Initial coagulation can include LMWH, UFH, fondaparinux (Arixtra), rivaroxaban, or apixaban. LMWH is the preferred treatment vs UFH for the first 5 to 10 days of anticoagulation for those who have started treatment with parenteral anticoagulation, newly diagnosed VTW, and don't have severe renal impairment. The evidence quality for this recommendation is high, and the strength of recommendation is strong.
In the case of anticoagulation being administered in the long term, LMWH, edoxaban (Lixiana), rivaroxaban, or apixaban for at least 6 months are the recommended options vs vitamin K antagonists (VKAs). Authors indicated that this is due to the boost in efficacy that the aforementioned drugs yield. That being said, VKAs are a viable option when LMWH or direct factor Xa inhibitors cannot be used.
Notably, although direct factor Xa inhibitors can yield a decrease in recurrent thrombosis, they also have a high chance of causing clinically relevant nonmajor bleeding risk vs LMWH. Because of this, direct factor Xa inhibitors need to be utilized with caution in populations with gastrointestinal (GI) and genitourinary (GU) malignancies, as well as in any other diseases that have a higher risk of mucosal bleeding.
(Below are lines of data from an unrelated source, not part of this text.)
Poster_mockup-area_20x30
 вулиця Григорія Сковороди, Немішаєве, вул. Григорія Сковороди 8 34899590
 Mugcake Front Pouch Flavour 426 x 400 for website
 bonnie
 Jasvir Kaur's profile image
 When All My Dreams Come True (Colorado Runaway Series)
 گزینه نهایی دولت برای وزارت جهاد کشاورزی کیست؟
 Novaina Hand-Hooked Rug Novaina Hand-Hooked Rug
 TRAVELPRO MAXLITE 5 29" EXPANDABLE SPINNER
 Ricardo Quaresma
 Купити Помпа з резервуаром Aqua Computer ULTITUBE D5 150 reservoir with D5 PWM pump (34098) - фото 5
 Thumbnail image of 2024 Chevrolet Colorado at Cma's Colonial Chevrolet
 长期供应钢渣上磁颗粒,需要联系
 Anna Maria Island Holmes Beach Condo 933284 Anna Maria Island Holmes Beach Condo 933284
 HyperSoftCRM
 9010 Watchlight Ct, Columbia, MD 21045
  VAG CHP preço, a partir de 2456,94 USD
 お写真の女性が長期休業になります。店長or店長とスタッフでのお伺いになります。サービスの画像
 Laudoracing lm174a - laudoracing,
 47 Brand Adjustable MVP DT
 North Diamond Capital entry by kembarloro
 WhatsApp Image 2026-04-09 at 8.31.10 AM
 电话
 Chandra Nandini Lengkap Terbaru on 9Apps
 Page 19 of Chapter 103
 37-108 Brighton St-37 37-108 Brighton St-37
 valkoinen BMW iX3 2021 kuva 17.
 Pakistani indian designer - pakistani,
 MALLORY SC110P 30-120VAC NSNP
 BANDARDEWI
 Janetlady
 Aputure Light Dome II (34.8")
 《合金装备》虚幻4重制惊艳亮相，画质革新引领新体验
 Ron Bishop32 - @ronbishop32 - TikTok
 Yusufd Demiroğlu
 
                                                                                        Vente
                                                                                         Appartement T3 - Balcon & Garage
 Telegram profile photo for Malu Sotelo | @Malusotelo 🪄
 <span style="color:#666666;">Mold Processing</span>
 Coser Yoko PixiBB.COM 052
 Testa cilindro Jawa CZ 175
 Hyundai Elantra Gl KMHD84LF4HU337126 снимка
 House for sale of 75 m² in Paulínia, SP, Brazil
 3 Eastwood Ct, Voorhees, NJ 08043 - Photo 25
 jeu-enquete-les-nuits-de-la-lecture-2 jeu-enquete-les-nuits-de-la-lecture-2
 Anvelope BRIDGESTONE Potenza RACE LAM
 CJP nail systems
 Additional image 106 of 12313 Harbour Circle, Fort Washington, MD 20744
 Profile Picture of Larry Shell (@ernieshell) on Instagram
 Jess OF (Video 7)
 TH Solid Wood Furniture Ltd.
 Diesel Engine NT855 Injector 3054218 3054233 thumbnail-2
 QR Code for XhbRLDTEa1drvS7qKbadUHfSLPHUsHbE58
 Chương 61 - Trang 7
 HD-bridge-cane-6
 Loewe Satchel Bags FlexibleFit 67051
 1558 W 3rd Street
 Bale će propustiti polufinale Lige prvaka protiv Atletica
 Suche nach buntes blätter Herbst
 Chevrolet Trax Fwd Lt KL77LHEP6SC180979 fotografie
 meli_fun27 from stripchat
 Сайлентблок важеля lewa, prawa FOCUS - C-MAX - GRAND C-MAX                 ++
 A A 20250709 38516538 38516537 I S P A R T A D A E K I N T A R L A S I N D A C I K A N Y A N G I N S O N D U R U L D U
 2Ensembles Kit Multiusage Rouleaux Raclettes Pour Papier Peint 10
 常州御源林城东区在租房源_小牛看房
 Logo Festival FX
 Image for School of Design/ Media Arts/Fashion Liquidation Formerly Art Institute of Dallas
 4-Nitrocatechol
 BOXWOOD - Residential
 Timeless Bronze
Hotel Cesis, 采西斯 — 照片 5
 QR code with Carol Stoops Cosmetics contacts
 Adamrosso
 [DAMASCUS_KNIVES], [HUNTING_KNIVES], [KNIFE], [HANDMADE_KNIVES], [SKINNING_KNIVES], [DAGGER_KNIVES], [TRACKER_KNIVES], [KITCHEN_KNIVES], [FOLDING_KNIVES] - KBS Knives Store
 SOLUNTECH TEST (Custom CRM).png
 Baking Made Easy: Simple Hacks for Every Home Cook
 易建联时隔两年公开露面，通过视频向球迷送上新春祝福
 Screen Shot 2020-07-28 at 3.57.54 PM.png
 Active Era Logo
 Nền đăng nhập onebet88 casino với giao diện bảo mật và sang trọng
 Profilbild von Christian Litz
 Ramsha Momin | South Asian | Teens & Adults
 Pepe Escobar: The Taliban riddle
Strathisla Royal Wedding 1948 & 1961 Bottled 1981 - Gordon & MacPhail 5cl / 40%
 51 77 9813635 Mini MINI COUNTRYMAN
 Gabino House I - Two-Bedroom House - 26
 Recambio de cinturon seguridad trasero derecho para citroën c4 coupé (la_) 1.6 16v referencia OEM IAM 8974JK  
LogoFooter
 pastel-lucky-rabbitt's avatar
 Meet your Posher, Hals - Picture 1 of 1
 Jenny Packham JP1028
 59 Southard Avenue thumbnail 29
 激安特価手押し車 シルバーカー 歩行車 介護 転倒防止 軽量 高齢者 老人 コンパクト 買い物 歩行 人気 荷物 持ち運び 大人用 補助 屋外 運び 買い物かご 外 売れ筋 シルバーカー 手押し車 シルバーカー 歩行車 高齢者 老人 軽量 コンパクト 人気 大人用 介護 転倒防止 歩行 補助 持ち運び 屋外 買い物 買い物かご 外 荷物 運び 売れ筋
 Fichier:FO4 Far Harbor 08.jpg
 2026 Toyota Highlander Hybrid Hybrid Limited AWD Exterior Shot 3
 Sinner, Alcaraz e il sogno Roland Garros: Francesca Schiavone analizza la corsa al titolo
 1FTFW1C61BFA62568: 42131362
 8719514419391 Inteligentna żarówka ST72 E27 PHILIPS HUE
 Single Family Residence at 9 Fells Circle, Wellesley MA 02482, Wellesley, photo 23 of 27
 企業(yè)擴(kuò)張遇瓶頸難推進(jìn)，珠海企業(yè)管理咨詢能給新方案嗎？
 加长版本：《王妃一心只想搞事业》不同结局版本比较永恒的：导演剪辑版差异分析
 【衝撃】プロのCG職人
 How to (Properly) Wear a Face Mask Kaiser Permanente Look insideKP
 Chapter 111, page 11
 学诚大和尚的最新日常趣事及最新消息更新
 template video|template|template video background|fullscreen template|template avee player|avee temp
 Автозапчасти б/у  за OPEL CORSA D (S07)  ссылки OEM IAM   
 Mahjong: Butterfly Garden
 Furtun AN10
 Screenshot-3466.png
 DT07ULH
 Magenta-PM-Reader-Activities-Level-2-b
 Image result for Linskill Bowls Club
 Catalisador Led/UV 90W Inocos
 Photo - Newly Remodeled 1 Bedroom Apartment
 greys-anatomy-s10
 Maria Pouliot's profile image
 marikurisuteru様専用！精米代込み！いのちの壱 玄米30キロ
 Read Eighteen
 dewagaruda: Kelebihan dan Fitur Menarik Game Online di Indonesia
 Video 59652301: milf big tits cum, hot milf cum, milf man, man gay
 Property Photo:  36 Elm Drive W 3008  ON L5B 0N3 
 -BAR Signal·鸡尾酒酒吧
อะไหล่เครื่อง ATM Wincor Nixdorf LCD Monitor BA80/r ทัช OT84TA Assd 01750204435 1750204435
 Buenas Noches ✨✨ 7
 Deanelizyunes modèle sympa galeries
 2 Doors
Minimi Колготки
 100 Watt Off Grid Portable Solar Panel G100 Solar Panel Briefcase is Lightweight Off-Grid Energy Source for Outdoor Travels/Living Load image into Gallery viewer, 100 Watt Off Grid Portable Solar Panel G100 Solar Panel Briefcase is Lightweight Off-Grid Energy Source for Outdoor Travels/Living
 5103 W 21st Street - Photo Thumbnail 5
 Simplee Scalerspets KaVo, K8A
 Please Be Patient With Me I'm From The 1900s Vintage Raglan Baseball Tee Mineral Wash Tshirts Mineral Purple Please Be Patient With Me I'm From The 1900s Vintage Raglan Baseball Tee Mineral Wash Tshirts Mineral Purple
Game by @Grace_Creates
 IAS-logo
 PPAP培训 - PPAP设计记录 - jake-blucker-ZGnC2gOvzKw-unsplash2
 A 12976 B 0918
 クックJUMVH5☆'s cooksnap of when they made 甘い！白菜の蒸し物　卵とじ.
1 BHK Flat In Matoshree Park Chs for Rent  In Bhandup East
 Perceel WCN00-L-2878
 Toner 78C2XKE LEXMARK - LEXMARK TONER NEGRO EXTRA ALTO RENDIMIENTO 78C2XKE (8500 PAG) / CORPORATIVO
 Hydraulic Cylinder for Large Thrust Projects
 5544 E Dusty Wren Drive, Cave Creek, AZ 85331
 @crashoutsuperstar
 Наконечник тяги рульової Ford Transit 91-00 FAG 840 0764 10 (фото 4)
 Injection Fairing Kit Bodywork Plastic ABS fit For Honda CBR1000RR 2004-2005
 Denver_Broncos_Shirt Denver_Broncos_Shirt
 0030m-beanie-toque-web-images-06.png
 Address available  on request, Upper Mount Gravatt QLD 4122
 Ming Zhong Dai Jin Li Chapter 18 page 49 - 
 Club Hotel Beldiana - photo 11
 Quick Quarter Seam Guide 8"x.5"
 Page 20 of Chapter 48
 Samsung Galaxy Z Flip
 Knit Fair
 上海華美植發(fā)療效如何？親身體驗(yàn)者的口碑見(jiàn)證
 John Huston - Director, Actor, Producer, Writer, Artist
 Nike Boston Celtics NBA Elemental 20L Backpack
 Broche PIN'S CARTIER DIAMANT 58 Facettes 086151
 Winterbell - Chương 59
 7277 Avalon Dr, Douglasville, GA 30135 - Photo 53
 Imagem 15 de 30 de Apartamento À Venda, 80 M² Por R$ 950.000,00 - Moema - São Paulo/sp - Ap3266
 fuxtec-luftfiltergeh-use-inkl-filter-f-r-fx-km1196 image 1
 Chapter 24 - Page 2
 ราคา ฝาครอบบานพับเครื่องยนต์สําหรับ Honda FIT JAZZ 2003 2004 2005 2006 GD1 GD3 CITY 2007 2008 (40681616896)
The evidence quality for this recommendation is high, and the strength of recommendation is strong.
The authors cited 3 randomized phase 3 trials, assessing apixaban as a therapy for VTE in those with cancer.
In the open-label, non-inferiority phase 3 CARAVAGGIO trial (NCT03045406), investigators assessed apixaban as a VTE treatment in 1170 patients with cancer and symptomatic or incidental acute proximal DVT or pulmonary embolism.4
Recurrent VTE occurred in 5.6% of patients receiving apixaban compared with 7.9% of patients receiving dalteparin (Fragmin; P for noninferiority <.001; P for superiority = .09). Additionally, 3.8% and 4.0% of patients in each respective treatment arm experienced major bleeding. In the CARAVAGGIO trial, 4.3% of patients with incidental VTE experienced recurrence vs 7.3% of those with symptomatic VTE, and the risk of major bleeding was 5.2% vs 3.6% in each respective group.
Recurrent VTE most occurred in patients with gynecologic cancers (10.9%), GI cancers (8.8%), GU cancers (6.5%), urinary cancers (6.5%), and lung cancers (5.5%).5 Moreover, 7.2% of patients with GU cancers and 4.8% of those with GI cancers experienced major bleeding.
In the open-label, randomized phase 3 ADAM VTE trial (NCT02585713), investigators evaluated apixaban among 287 patients with cancer-related VTE.6 Major bleeding occurred in 0.0% patients receiving apixaban vs 1.4% of patients receiving dalteparin (P = .138). Additionally, recurrent VTE affected 0.7% and 6.3% of patients in each respective treatment arm (P = .0281).
Lastly, in another phase 3 trial (NCT04462003), investigators compared treatment with apixaban vs enoxaparin in a population with cancer and acute DVT.7 Data from an analysis including 100 of 138 patients who had active malignancies and acute DVT. Patients were randomly assigned to treatment with either oral apixaban or subcutaneous LMWH. Notably, results from the study indicated that the risks of recurrent VTE and major bleeding were not significantly different between treatment groups.
“Apixaban is one of three direct inhibitors of factor Xa, but unlike rivaroxaban or edoxaban, it is administered twice daily,” the guideline authors wrote. “Currently, there are no studies that have directly compared direct oral anticoagulants on a head-to-head basis in this clinical setting.”